*YOUR ASSIGNMENT*
From the entries, return every line where the string "Beads" shows up.

DATA UNDER STUDY below:

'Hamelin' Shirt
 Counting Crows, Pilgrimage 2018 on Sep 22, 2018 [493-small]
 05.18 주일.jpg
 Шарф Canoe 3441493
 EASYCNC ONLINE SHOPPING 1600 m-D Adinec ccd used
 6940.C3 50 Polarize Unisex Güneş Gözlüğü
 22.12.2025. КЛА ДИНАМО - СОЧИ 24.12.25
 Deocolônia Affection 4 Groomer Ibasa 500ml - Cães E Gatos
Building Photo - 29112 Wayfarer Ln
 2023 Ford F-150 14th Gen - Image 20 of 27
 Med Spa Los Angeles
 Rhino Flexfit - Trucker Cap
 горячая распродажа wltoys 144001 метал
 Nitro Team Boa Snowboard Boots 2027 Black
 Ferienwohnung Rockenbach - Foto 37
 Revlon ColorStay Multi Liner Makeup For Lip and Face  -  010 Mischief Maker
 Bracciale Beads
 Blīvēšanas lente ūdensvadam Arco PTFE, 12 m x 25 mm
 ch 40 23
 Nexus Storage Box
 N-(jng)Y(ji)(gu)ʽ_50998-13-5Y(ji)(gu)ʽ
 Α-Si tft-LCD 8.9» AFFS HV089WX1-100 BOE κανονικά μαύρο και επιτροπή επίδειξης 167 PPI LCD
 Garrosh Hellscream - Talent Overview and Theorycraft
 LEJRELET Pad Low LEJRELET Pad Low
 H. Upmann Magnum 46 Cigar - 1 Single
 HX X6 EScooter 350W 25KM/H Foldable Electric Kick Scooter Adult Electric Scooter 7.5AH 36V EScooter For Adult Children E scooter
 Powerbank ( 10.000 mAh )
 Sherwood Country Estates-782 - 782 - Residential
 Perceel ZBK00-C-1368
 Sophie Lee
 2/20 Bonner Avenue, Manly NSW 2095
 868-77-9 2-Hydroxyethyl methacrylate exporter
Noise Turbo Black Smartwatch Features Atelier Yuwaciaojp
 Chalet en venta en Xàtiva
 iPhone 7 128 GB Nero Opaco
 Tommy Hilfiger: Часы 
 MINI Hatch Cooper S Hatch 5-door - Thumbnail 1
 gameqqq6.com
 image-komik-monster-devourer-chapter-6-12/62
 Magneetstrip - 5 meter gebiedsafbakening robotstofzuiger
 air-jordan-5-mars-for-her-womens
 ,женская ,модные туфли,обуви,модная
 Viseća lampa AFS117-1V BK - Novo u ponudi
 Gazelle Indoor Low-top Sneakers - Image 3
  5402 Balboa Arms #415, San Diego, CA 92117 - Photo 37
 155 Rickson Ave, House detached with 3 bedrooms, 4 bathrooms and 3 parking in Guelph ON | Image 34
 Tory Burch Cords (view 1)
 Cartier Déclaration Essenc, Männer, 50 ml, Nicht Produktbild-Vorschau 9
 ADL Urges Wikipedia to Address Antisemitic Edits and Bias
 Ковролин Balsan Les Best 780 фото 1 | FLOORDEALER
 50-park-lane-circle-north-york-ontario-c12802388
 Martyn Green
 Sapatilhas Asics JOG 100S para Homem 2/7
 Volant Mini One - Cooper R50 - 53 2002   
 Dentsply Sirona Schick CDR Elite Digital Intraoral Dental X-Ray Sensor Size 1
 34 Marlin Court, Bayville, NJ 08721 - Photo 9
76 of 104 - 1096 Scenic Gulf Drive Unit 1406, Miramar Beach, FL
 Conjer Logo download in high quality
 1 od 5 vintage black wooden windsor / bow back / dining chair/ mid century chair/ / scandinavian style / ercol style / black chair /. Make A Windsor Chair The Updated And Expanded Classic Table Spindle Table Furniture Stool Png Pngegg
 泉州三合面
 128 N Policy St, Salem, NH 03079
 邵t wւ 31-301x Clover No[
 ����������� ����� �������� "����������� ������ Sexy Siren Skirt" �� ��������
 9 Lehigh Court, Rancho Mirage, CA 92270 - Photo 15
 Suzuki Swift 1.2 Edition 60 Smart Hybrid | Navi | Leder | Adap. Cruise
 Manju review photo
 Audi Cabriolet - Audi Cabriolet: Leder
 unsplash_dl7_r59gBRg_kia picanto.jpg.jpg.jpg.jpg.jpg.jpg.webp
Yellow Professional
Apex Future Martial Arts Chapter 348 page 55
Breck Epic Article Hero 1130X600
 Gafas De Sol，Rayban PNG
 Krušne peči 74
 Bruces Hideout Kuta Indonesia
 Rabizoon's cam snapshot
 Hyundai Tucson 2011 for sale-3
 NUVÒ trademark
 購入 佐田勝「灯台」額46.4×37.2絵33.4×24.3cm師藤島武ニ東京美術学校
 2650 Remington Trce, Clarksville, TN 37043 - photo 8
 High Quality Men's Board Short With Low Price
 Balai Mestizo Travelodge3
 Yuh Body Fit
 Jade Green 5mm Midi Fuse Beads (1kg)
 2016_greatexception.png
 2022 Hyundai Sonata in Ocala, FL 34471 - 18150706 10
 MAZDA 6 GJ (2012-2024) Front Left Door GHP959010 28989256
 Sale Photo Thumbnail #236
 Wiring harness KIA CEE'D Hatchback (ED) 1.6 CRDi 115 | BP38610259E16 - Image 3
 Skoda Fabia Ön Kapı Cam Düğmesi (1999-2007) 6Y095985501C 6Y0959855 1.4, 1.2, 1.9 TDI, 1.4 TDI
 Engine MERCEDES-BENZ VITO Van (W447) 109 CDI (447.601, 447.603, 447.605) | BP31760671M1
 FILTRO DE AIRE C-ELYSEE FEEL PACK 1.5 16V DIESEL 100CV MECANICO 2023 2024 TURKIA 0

End of DATA UNDER STUDY.

*ANSWER SPACE*
 Bracciale Beads
 Jade Green 5mm Midi Fuse Beads (1kg)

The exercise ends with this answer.